Security advisories are at http://www.freebsd.org/security/advisories.html
I believe I receive them on the lists freebsd-announce, freebsd-security, and 
bugtraq (not a FreeBSD list).
The sendfile advisory this week 
(http://www.freebsd.org/security/advisories/FreeBSD-SA-13:11.sendfile.asc) was 
about information disclosure as the result of issuing a sendfile() for a length 
greater than the length of the file. I see other information disclosure 
vulnerabilities, one in pipes 
(http://www.freebsd.org/security/advisories/FreeBSD-SA-09:09.pipe.asc and a 
prior one 
http://www.freebsd.org/security/advisories/FreeBSD-SA-05:02.sendfile.asc), one 
in firewire 
(http://www.freebsd.org/security/advisories/FreeBSD-SA-06:25.kmem.asc) and 
probably a couple of others I don't remember. 
Point being: the project takes information disclosure issues very seriously.
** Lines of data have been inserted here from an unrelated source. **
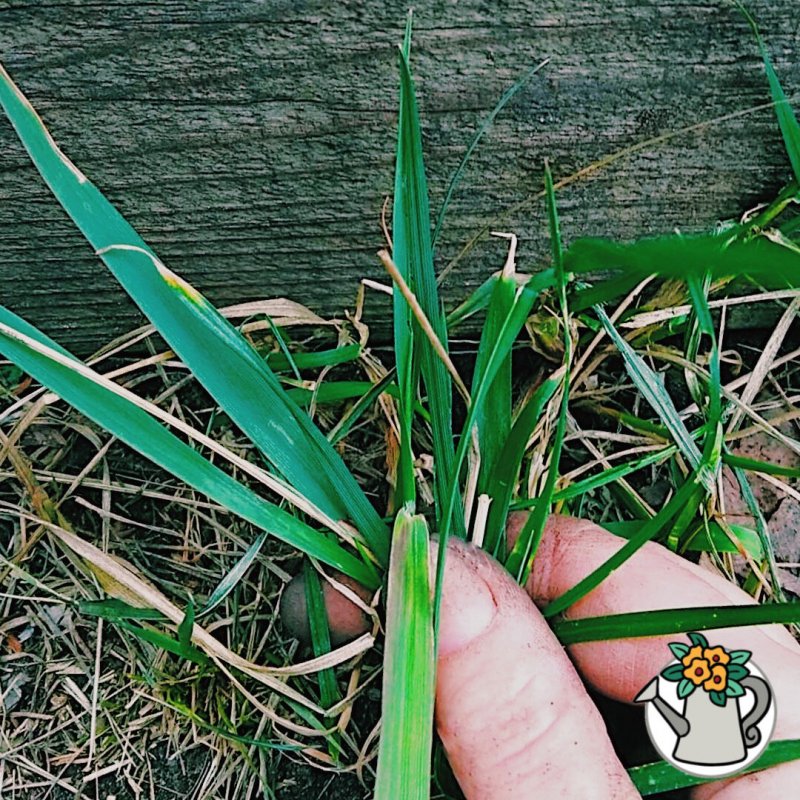 Пырей ползучий (Elymus repens)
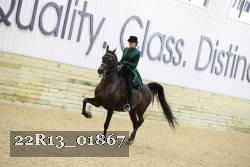 22R13_01867 thumbnail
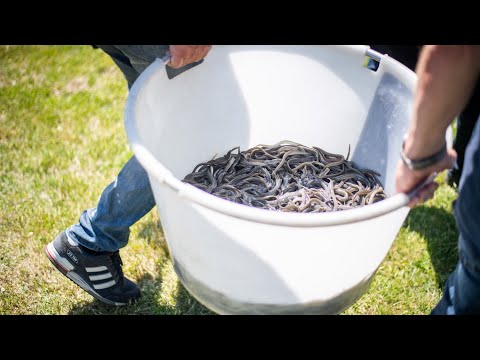 Der Angelsportverein Bremerhaven-Unterweser lässt 180.000 Aale frei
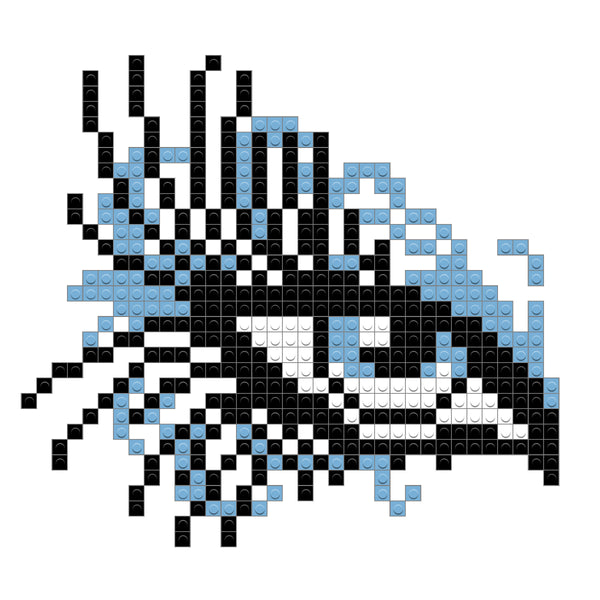 Eye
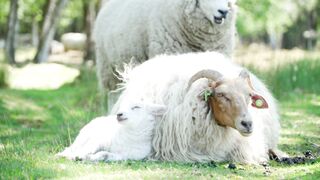 Nature beauty of animal 0088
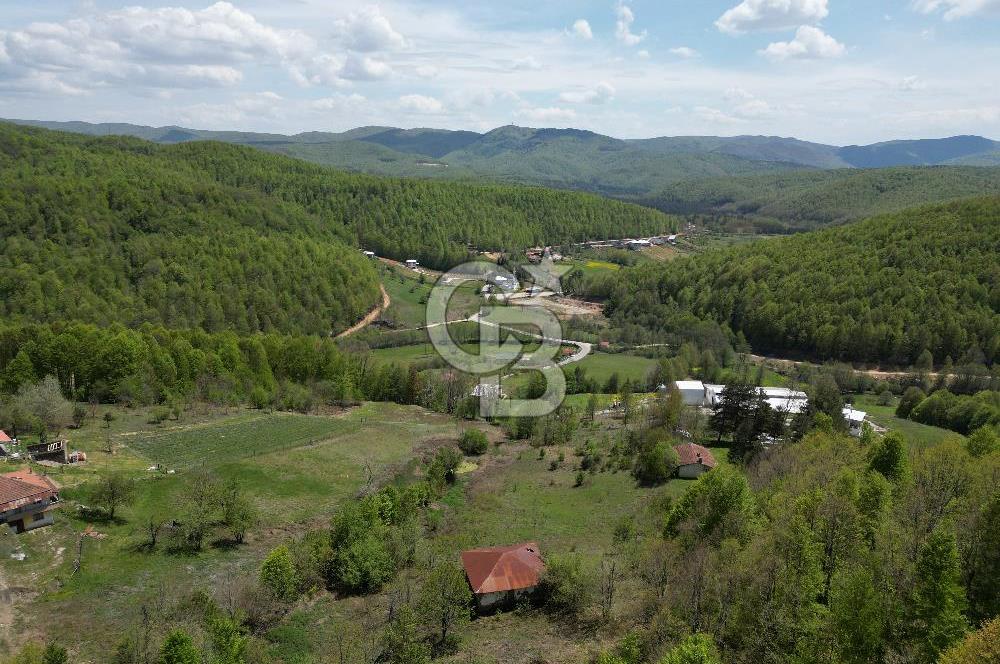 BURSA İZNİK KUTLUCA'DA DOĞA İLE İÇ İÇE SATILIK 12.325M2 ARSA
>  As far as the book, I am trying to find an online version that I can copy / 
> paste out the section that would talk about this.
> I did go back to the teams local rep who is simply "tracking" the item. He 
> stated that the "proof" would preferrably be an EAL cert, but verbiage in 
> that book or other "formal" documenation would be considered.
>  
> So few questions:
> Do you know where I can get the book in an online copy?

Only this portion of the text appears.